ーブラックな会社にブラックな後輩、、はは、"最高"な環境じゃねーかぁ、。
皮肉な言葉を並べながらコーヒーを注ぎ入れた。
ーこの会社の1番いいところはコーヒーだけは美味いってところだ、、。三連で残業だから助かるわ、、ほんとに、、。
社長の松坂 晴海はコーヒーだけは目がないお婆で現地まで行って買ってくるようなアホだが、俺自身は感謝していた。
「香りがいいな、、。」
芳醇なコーヒーの香りを堪能しながら一口飲んだ。
ー冷えた時も美味いが、淹れたては格別だ。今日の苦労がが目に浮かぶようだ、、。
涙を堪えながらもう一口飲んだ。
コーヒーを堪能しながら席に戻ると自分のデスク以外の電気がついていた。朝霧のデスクでないのが残念だった。
ー朝霧じゃないな、、、。柿崎くんかな?
自分のデスクに向かうと誰かが椅子に座っていた。
「高木先輩!お疲れ様です」
笑顔で迎えてくれたのは柿崎 正馬だった。サラサラッとした黒髪の定時王子と呼ばれている後輩だ。
ー定時王子って、、、呪われているほど語呂悪いな、、はは。
仕事の容量が良く、俺自身彼の働きには助かっている。いつもなら必ず定時で帰る彼がいるから少し驚いていた。
「あぁ、、おつかれさま。
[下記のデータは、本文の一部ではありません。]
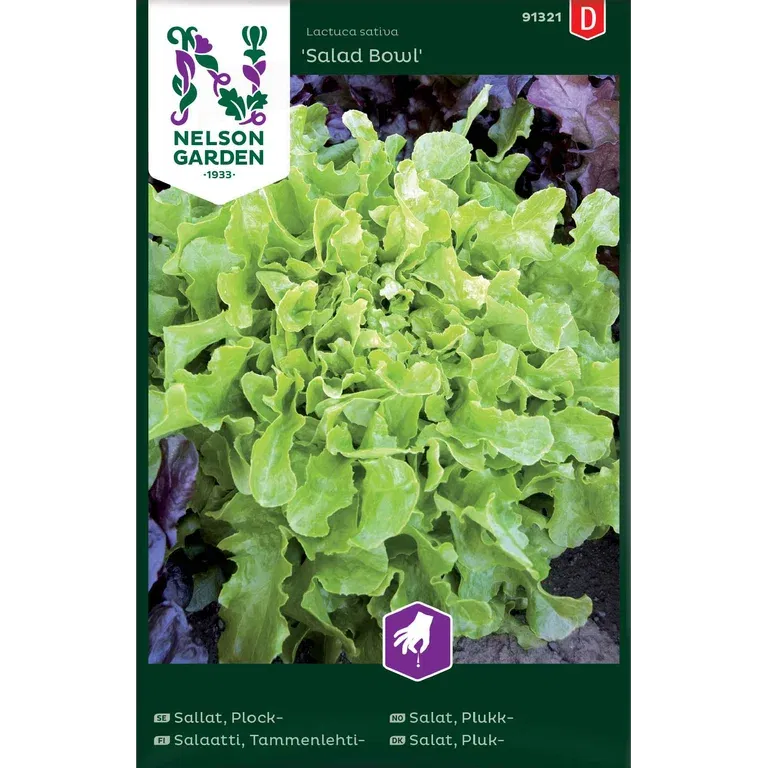 Plocksallat 'Salad Bowl'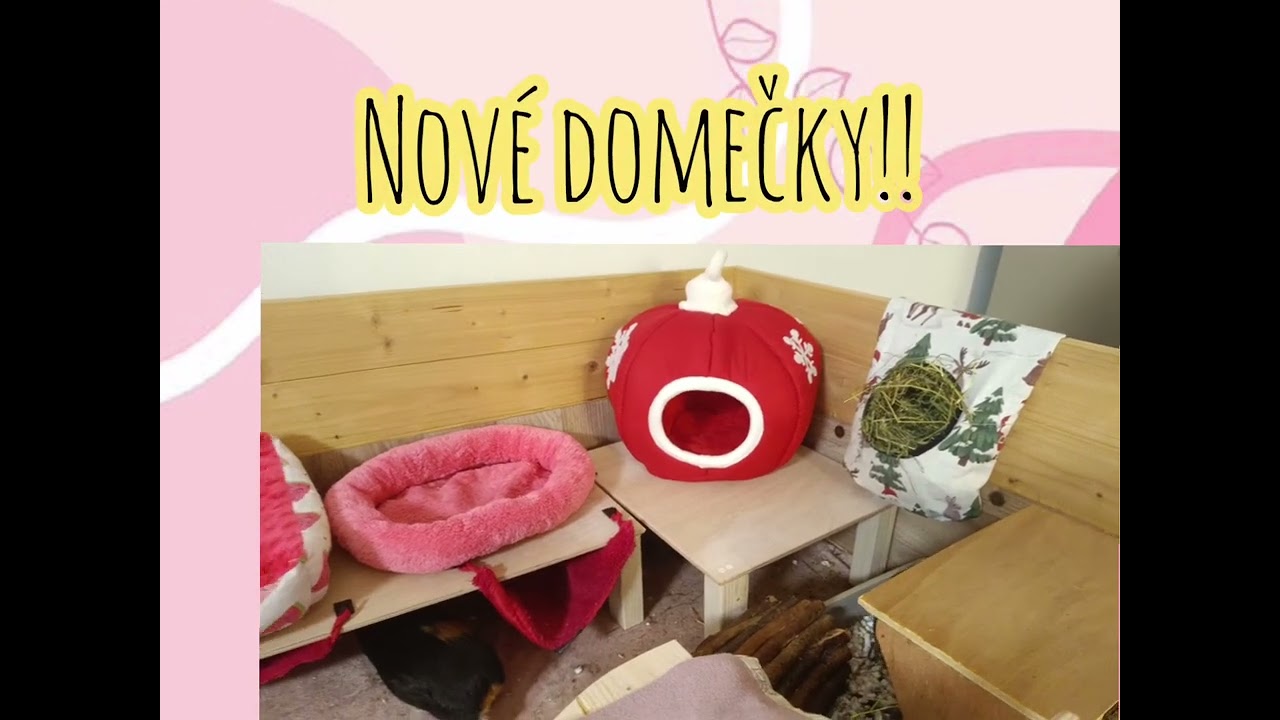 Morčecí bydlení na míru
残業かい?」
なんだか気まずい雰囲気で聞いてみた。
「違うんですよ、、。忘れ物をしてしまって、、。先輩に渡した書類の間に私物を挟んでしまったみたいで、勝手ながら探させていただいていました。すみません、、。」
なんだか萎縮させてしまったようだった。
ー別に怒っていないんだけどなぁ、、
俺は昔から目つきが悪いらしい笑っても泣いても鬼顔といわれていた。高校の時にラグビー部に入っていたこともあり、がっしりとした体格だ。
「先輩って、一対一で話すと怖いっす、、。」
入社当時の朝霧に言われた覚えがある。その日は帰ってビール3本開けた。
そんなことを思いながら前向くと柿崎がオドオドと見つめてくる。
ゴクンッ
息を呑んだ。
ー小さい背に、整った顔立ち、目の前にいるのが女の子だったらどんなによかっただろうか、、。
「探し物は見つかったか?」
気まずくなり、目を逸らした。
「はい、、すみませんでした。先輩はまだ仕事ですか?」
俺の左手にある淹れたてのコーヒーを見ているようだ。
「まあ、あと2件片付けたら仮眠室で泊まるつもりだ、、。この会社、残業システムだけは完備がいいからな。風呂もあるしな、、。」
そう言うと、何かいいたげに上を向いたがすぐに顔を逸らしてしまった。
ー早く帰れ、、残業鬼ら帰れないんだよ、、定時王子。
頭の中でそんなことを思いながらデスクにカップを置いた。
「、、、自分、手伝いましょうか?家は自転車で10分のところなんで、。」
真剣な眼差しを向けてきたが、頼むわけにはいかない仕事だった。朝霧のクソファイル以外はまともな書類だ、、。部下にやらせるわけにはいかない。
ー性格までイケメンかよ、、チッ、、。
「大丈夫だ、、あと少しだからな。心配しないでお前は帰れ、、。」
ー部下を思いやれる俺、、超いい奴じゃねぇーか、、
柿崎は少し残念そうな顔をしているが、俺は部下の健康を気遣っ手の言葉だったので、悪いとは思わなかった。
「わかりました。先輩無理しないでくださいね、、。」
上目遣いで顔を見てくる彼を、不覚にも可愛いと思ってしまった俺がいた。
ー柿崎が女顔だからだろう、、俺はホモじゃないからな、、。
別に同性愛に偏見があるつもりはない。だが、異性の方が個人的に好きだった。
「あぁ、気をつけて帰れよ、、。おつかれさん。」
声をかけて、椅子に腰掛けた。
「お疲れ様です、、。」
そう言うと柿崎は足早に去っていった。
ーさぁ、もう一仕事するかー
気合いを淹れ直し、書類を持ち上げると一枚の名刺のようなものが下に落ちた。
「なんだ?」
拾い上げると、見覚えのない女性の写真と婚活アプリ"サタデー"という文字が書いてあった。
ーこんなんいつ貰ったっけ?
そんなことを思いながら裏面を見ると、"まだ諦めていない30代40代のあなたに素敵な出会いを、、。"と書かれている。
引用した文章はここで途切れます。